Davutoğlu, Esad ile 2011’de yapılan altı saatlik görüşmenin devlet kayıtlarında olduğunu söyleyerek şunları aktardı: “Büyükelçimiz şahittir ve hepsi not tutulmuştur. Bütün yaşananların birinci sorumlusu Beşar Esad’ın kendisidir. Çok küçük reformlar yapsaydı, kendisini iki aileye kapatmasaydı, bugün Nusayriler bile rahatsız bu iki aileden. Biz barış içinde açmaya çalışıyorduk. Müslüman Kardeşler hiçbir konuşmada geçmemiştir.”
‘Kendi sınırımızı korumak zorundaydık’
Mültecilerin Türkiye’ye Esad’la iyi ilişkiler sürerken gimeye başladığını söyleyen Davutoğlu, şunları söyledi: “Bizim Esad’la ilişkilerimiz iyi iken, 29 Nisan 2011’de mülteciler ülkeye gelmeye başladı. Esad kendi ordusunu şehirlere soktuğu zaman. Biz kimsenin iç işine karışmadık. Yayladağı’nın güneyindeki bir karakol dışında Esad hepsinden çekilmiş. Bu sefer ne oluyor, Türkiye’nin iç meselesi haline dönüşüyor. Kendi ulusal çıkarlarımızı, o sınırı korumak zorundaydık.”
‘7 Haziran sonrası MYK CHP ile koalisyon istedi’
7 Haziran 2015 seçimlerinde AKP’nin meclis çoğunluğunu kaybetmesi sonrası parti MYK’sının “CHP ile koalisyon kuralım” dediğini söyleyen Davutoğlu, “Kendi partim içinde bana hareketlenme başladı. İki partinin tabanları yakın değil. Karşılıklı bir güvensizlik hali var. Yukarıda anlaşıp tabana yayamazsanız güvensizlik artar. Cumhurbaşkanının tutumu karşısında bir uyum problemi çıkardı” dedi.
‘Başbakanlıktan istifa etmem cesur bir hareket’
AKP genel başkanlığından ve başbakanlıktan istifa etmesinin cesur bir hareket olduğunu söyleyen Davutoğlu şöyle devam etti: “Baktım ki ilkelerimle koltuğum arasındaki uçurum gittikçe açılıyor. Sayın Erdoğan’ın, AK Parti’nin başarılı olması için bıraktım. Hala bu davanın neferiyim. O dava benim elimde şimdi. O dava Gelecek Partisi’nde AK Parti’de değil. Bu dava yolsuzluklarla mücadeledir, yasaklarla mücadeledir, şeffaflıktır, şatafattan ve lüksten uzak olmaktır; bunların mücadelesini Gelecek Partisi’nde veriyorum. AK Parti’de yok. Ben davayı bırakmadım onlar bıraktı. AK Parti davanın bütün değerlerini ayaklar altına aldı.”
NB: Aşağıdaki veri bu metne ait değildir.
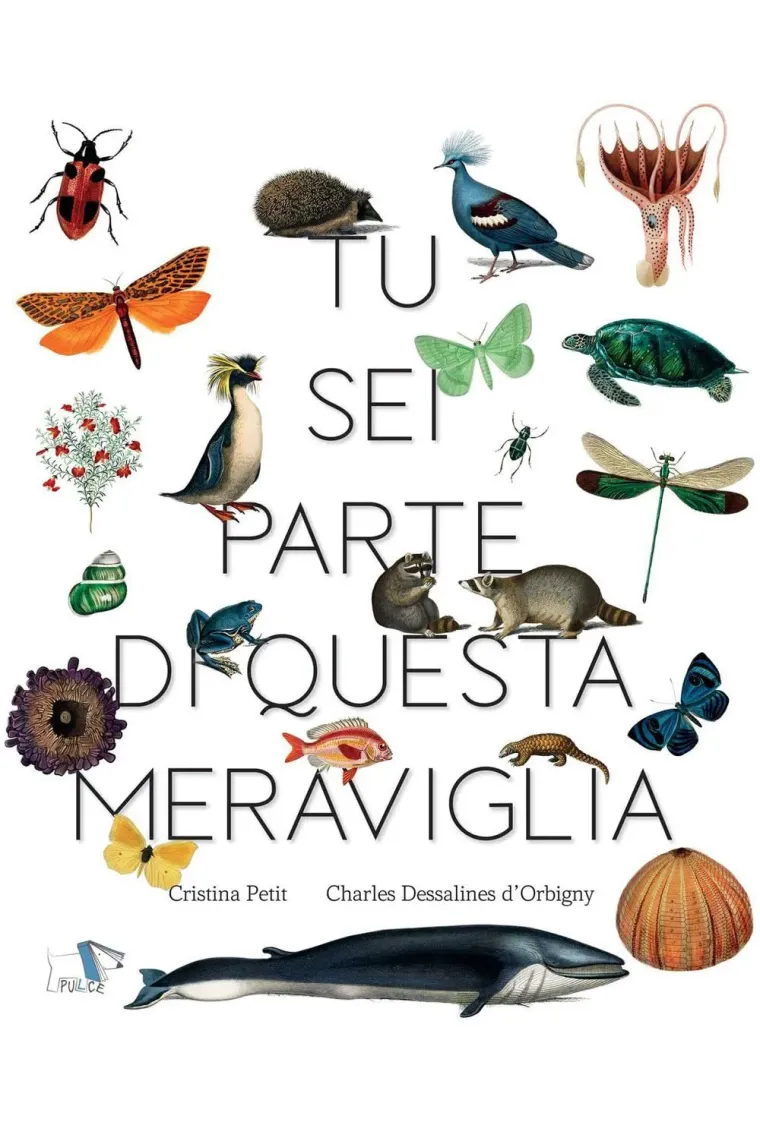 Tu sei parte di questa meraviglia (Italiano)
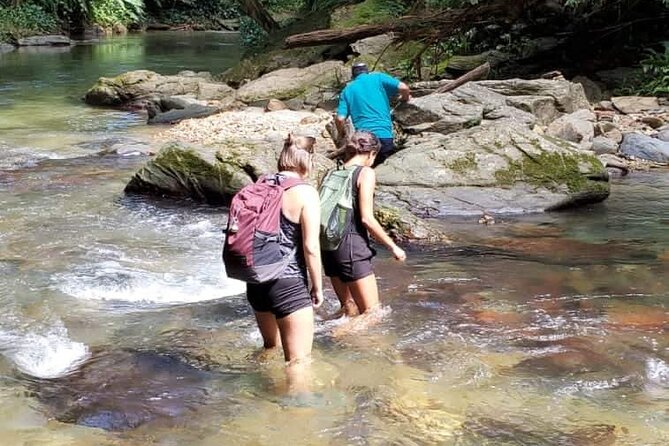 Avocat Waterfall and Beach Tour - Key points to know before booking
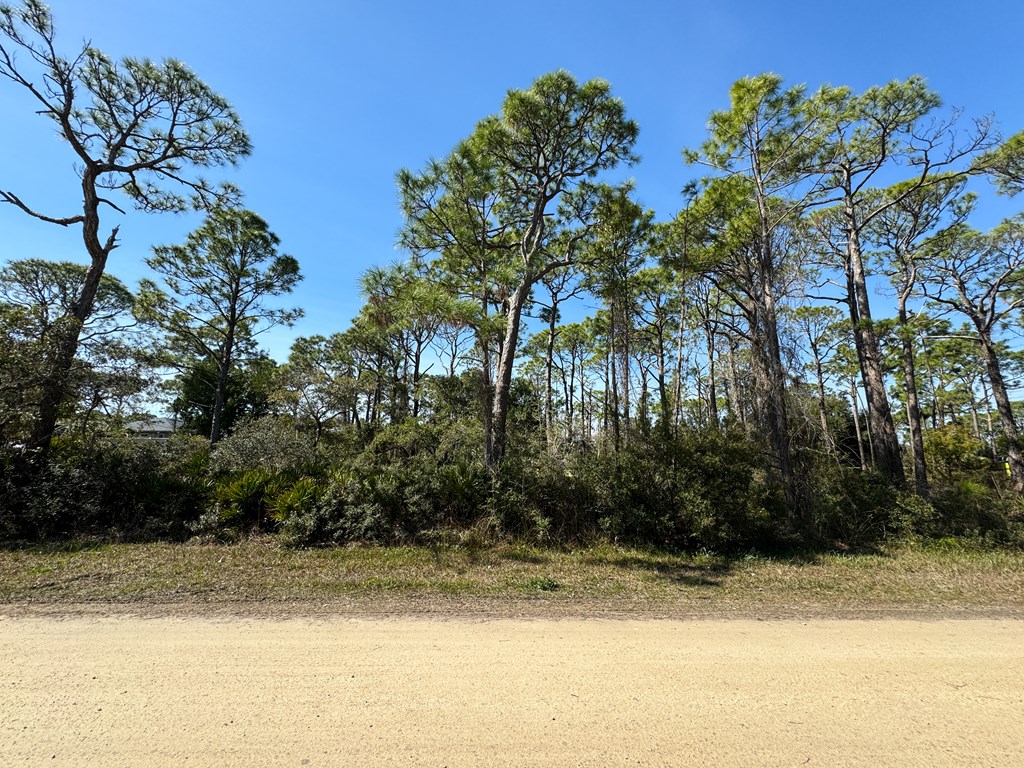 308 Howell Street St. George Island, FL 32328 - Photo 2 of 20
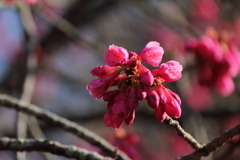 寒緋桜咲く１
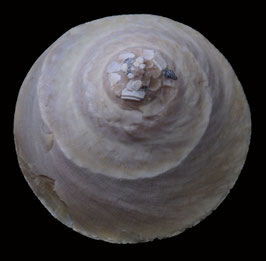 Xenophora   indica  73.7mm F+++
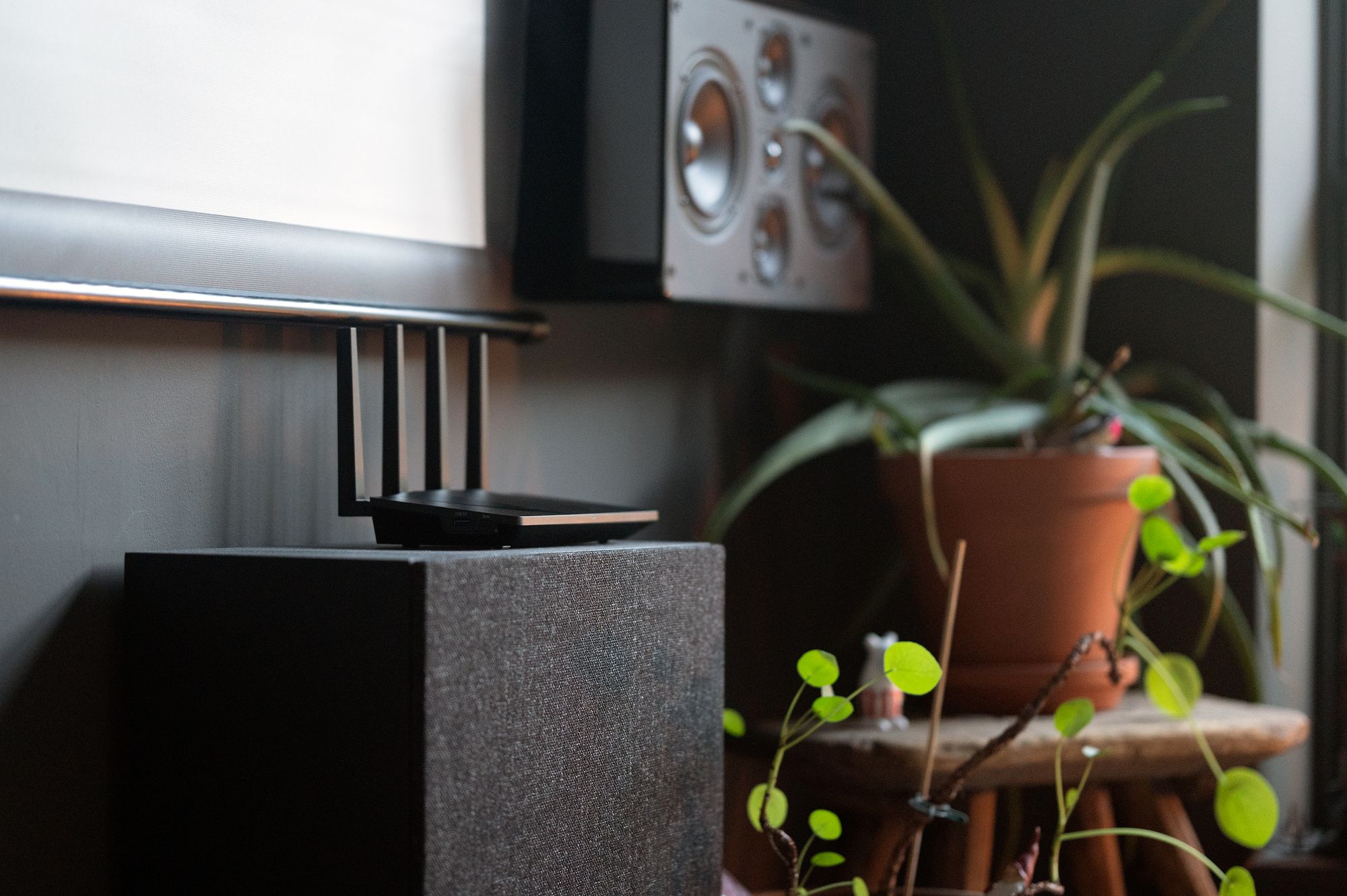Encrouter sitting on top of a subwoofer in a living room with plants and a speaker system nearby.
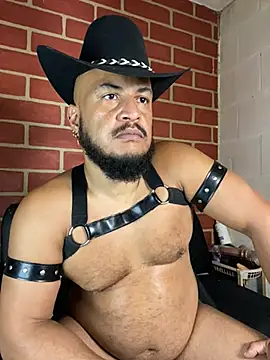 Chat XXX Live the_master_foal_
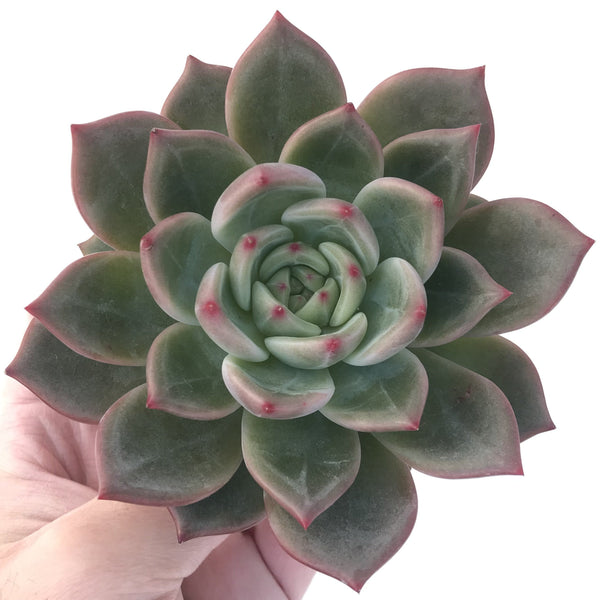 Echeveria 'Monroe Chanel' 5" Succulent Plant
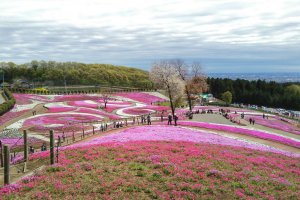 Dari bagian tertinggi di Taman Misato Shiba-zakura. Anda dapat menemukan seni bunga paling menakjubkan yang berwarna-warni dan terkesan mistis.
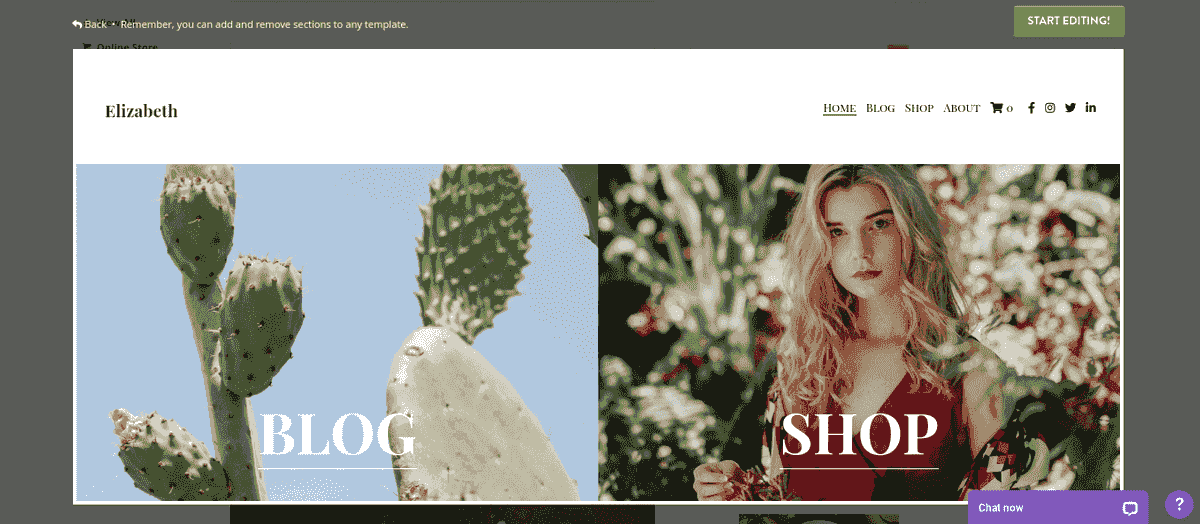 Plantilla de blog de venta minorista de suculentas de Strikingly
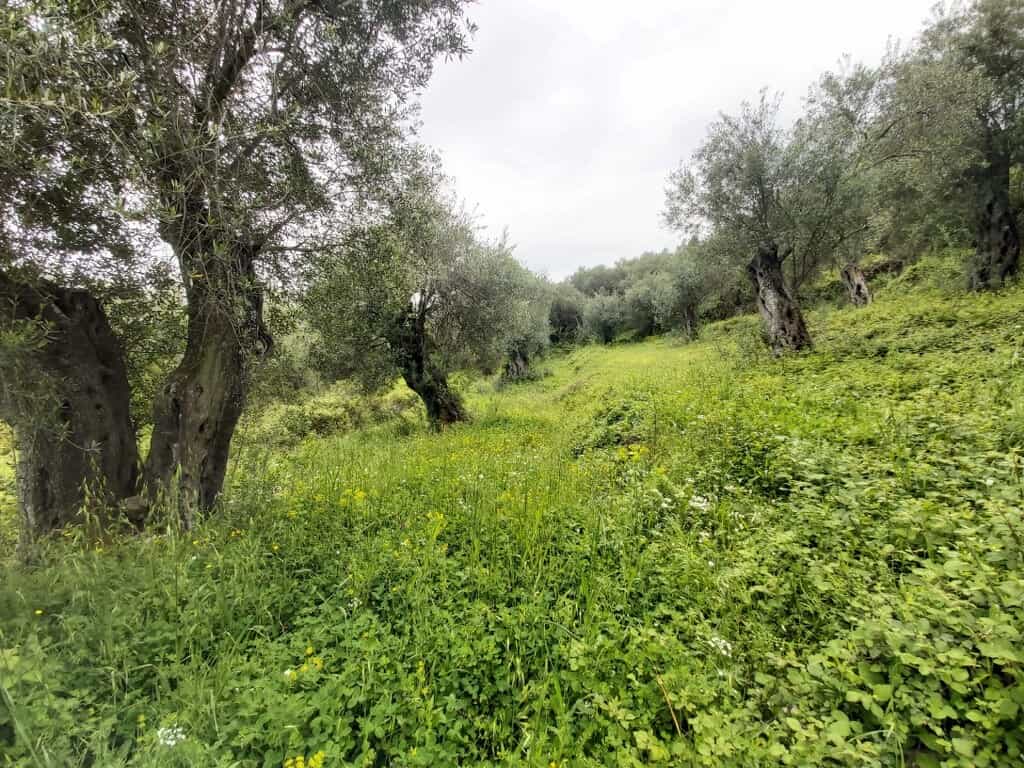 Land in Stavros, Ionia Nisia 10793504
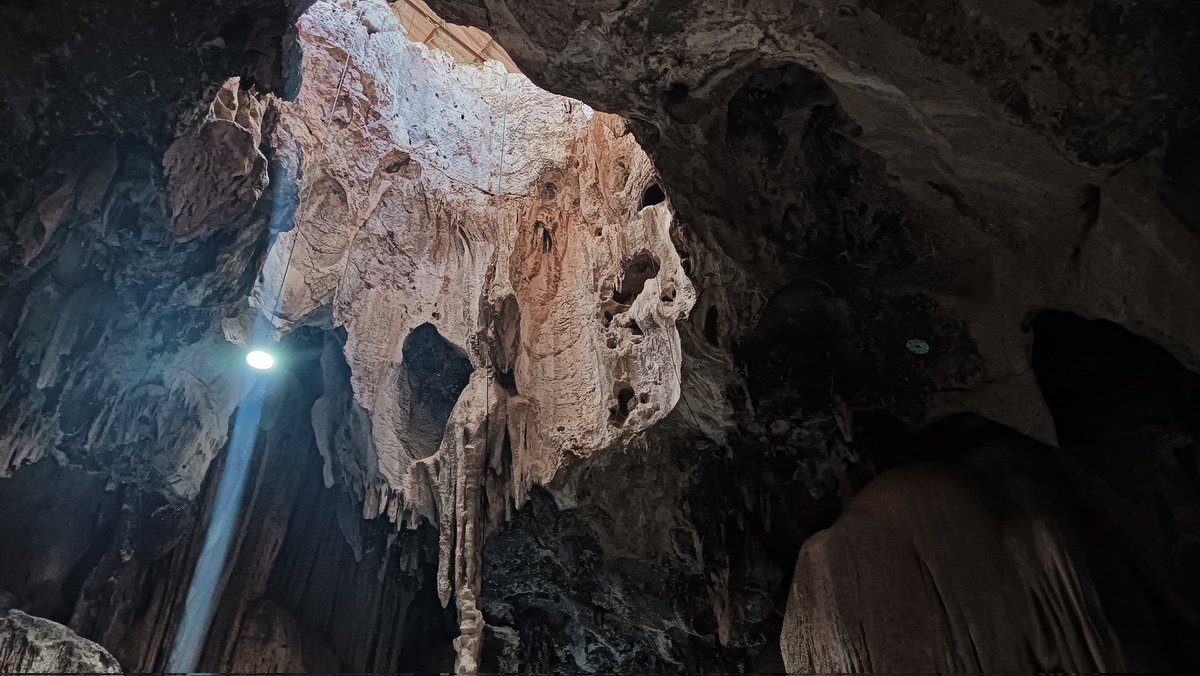 P. Ares🌟spacedog🐶🐾『Berlina•ECR』 tweet media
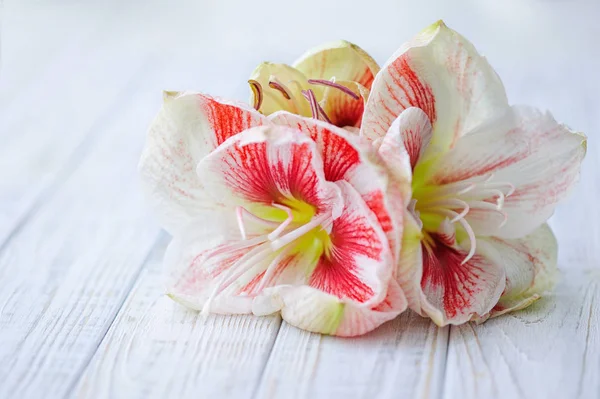 Krásný amaryllis lilie květ — Stock fotografie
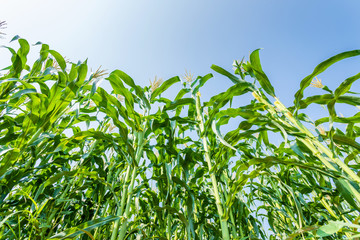 Obraz premium Young green corn field, Row of corn plantation near sliding soil texture after flooding.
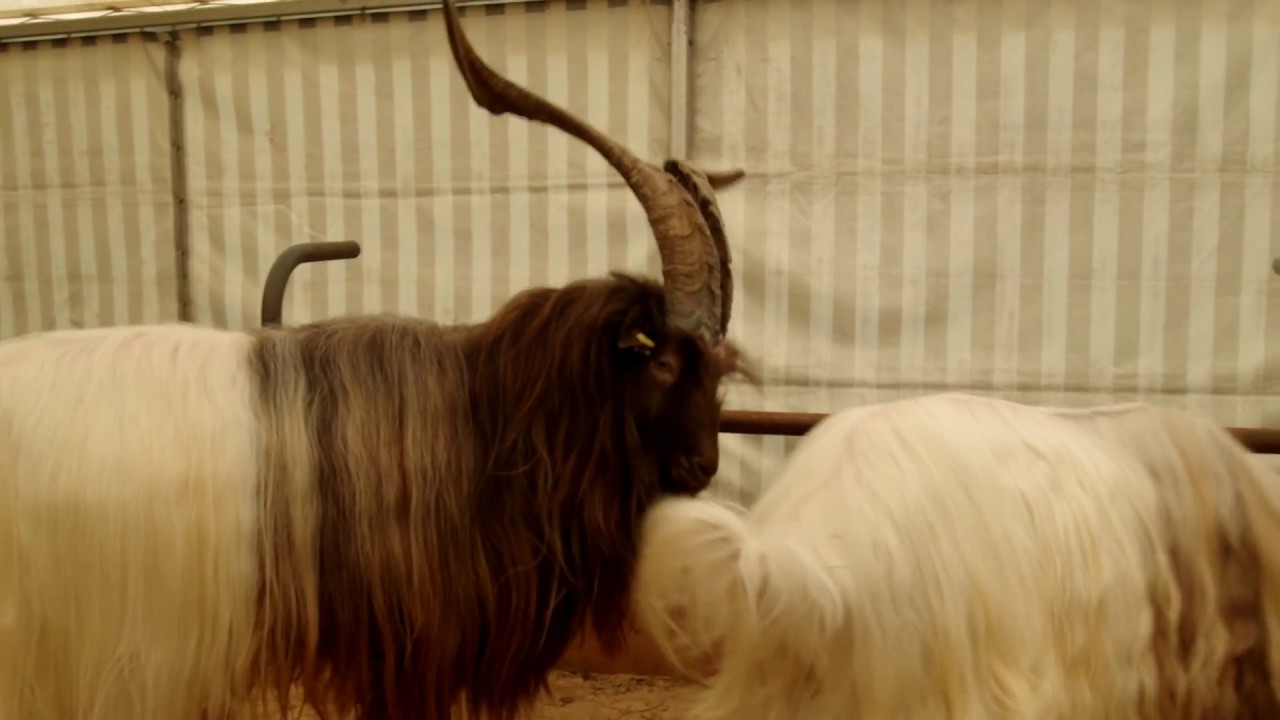 交戦中に後ろから角ですくい上げられるヤギ　Kupferhalsziege VS Capra Sempione　2016 0319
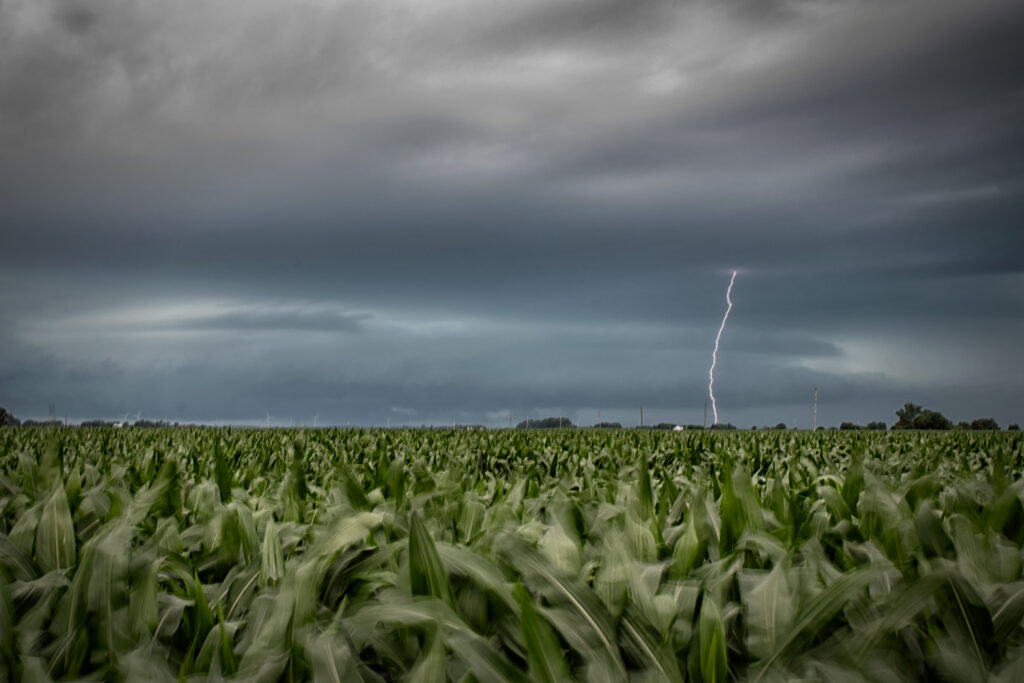 A lightning bolt striking in the near distance above a corn field.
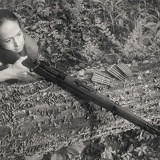 rifle behind cover 2361web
‘İttifak sistemi partilerin doğalarını bozuyor’
Gelecek Partisi’nin millet ve cumhur ittifaklarına yakınlığını soran Altaylı’ya Davutoğlu şu cevabı verdi: “2018 Mart’ında sayın Cumhurbaşkanına ‘Cumhurbaşkanlığı Hükümet Sistemi siyasetin doğasını, partilerin doğasını bozuyor’ demiştim. Bu şekilde ittifaklar partilerin doğasını bozar. Bu ittifaklar partilerin doğalarını bozuyor. Biz partimizi bir ittifaka eklemlenmek için kurmadık. Şimdi birileri ‘Gelecek Partisi CHP’ye destek olmak için kuruldu’ diyor. Ben CHP, İYİ Parti, Saadet Partisi ile hepsiyle bugün de görüşüyorum, bütün partilerle görüşürüm ama hiçbir şekilde ittifaka eklemlenmem. Ayrıca bu ittifaklar kalıcı değil. Belli ilkelerde buluşabilirsiniz, uzlaşabilirsiniz o ayrı.”
Davutoğlu şöyle devam etti: “Biz kimle ittifak yapacağımızla değil, sağlam parti kurmakla, toplumun kılcal damarlarına kadar örgütlenmekle ilgileniyoruz. Mesele bazlı ittifaklara her zaman varız. Mesela Barolar konusunda. Ben çoklu baroya karşıyım, ama çoğunlukçu baroya da karşıyım. Nispi temsile dayalı çoğulcu baroyu savunuyorum. Bunu kim savunuyorsa onlarla mutabıkız.”